Assignment: Retype all the entries word for word, but omit the pictures.

[Stored data]

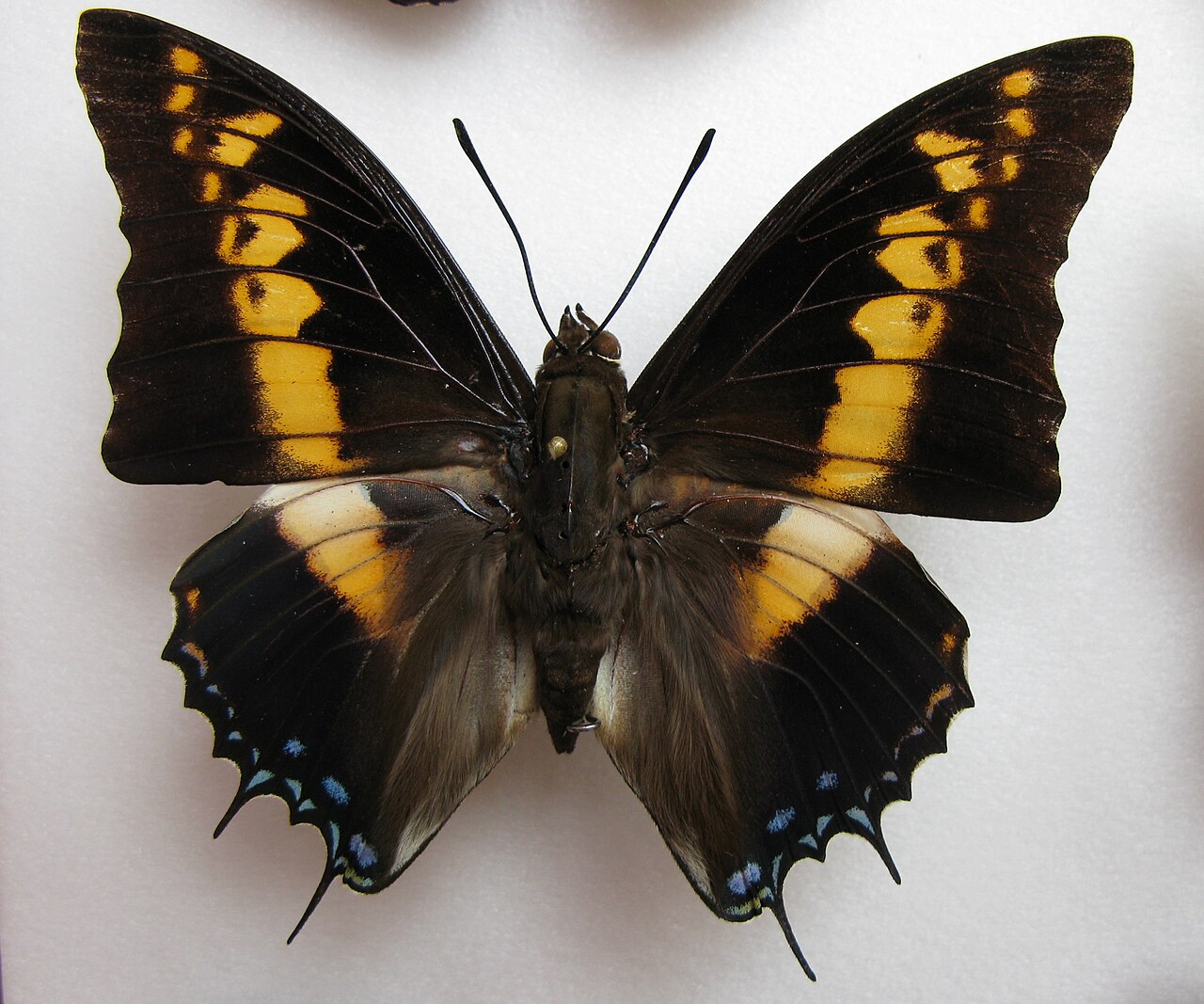 Charaxes castor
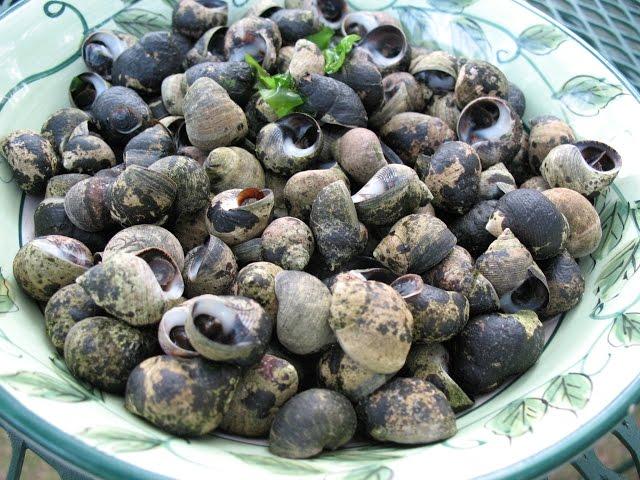 How to Forage and Cook Periwinkles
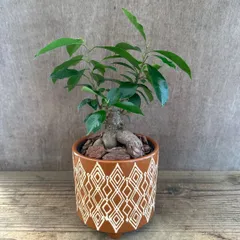 ガジュマル 現品 陶器鉢付き 投げ込み Ficus microcarpa フィカス ミクロカルパ 多幸の木  幸せを呼ぶ木 観葉植物 観葉 植物 珍奇植物 珍奇 珍しい 塊根植物 塊根 コーデックス インテリア  おしゃれ 開店祝い 新築祝い お祝い 祝い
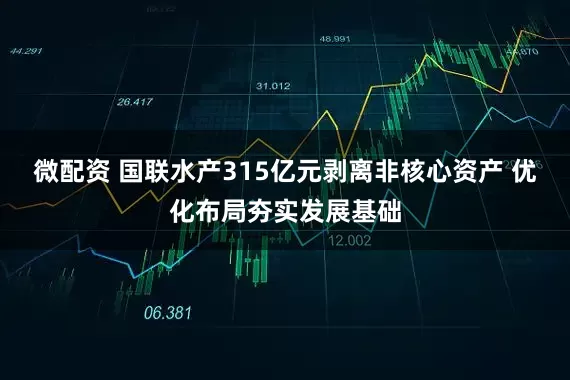 微配资 国联水产315亿元剥离非核心资产 优化布局夯实发展基础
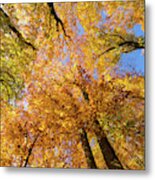 Colorful Trees In Fall Metal Print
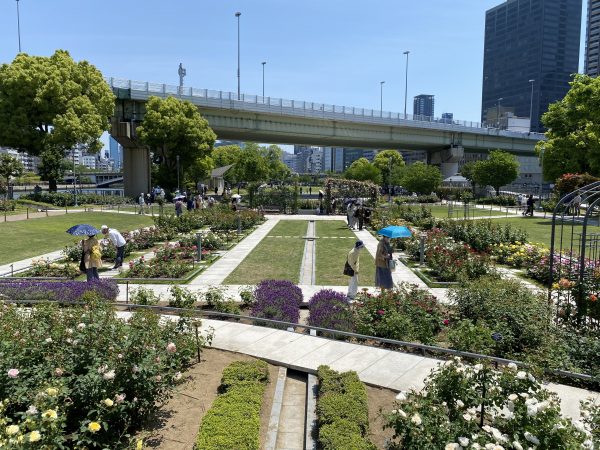 2025 春のローズツアー（中之島公園バラ園）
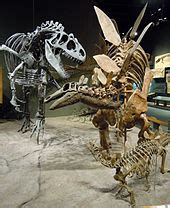 Allosaurus and Stegosaurus skeletons, Denver Museum of Nature and Science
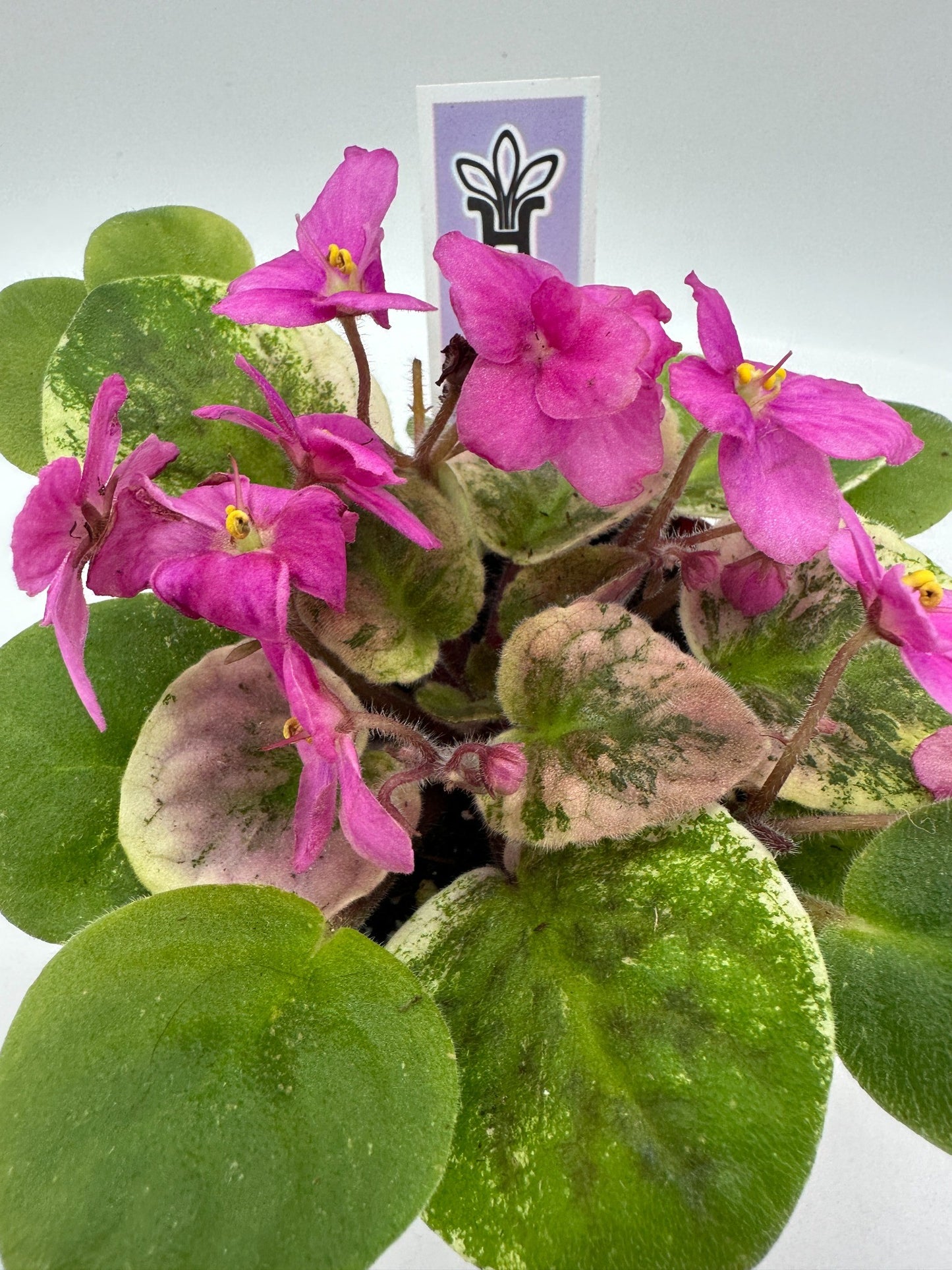 Key Lime Treat - Live African Violet 4"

[/Stored data]

Written reply:
 Charaxes castor
 How to Forage and Cook Periwinkles
 ガジュマル 現品 陶器鉢付き 投げ込み Ficus microcarpa フィカス ミクロカルパ 多幸の木  幸せを呼ぶ木 観葉植物 観葉 植物 珍奇植物 珍奇 珍しい 塊根植物 塊根 コーデックス インテリア  おしゃれ 開店祝い 新築祝い お祝い 祝い
 微配资 国联水产315亿元剥离非核心资产 优化布局夯实发展基础
 Colorful Trees In Fall Metal Print
 2025 春のローズツアー（中之島公園バラ園）
 Allosaurus and Stegosaurus skeletons, Denver Museum of Nature and Science
 Key Lime Treat - Live African Violet 4"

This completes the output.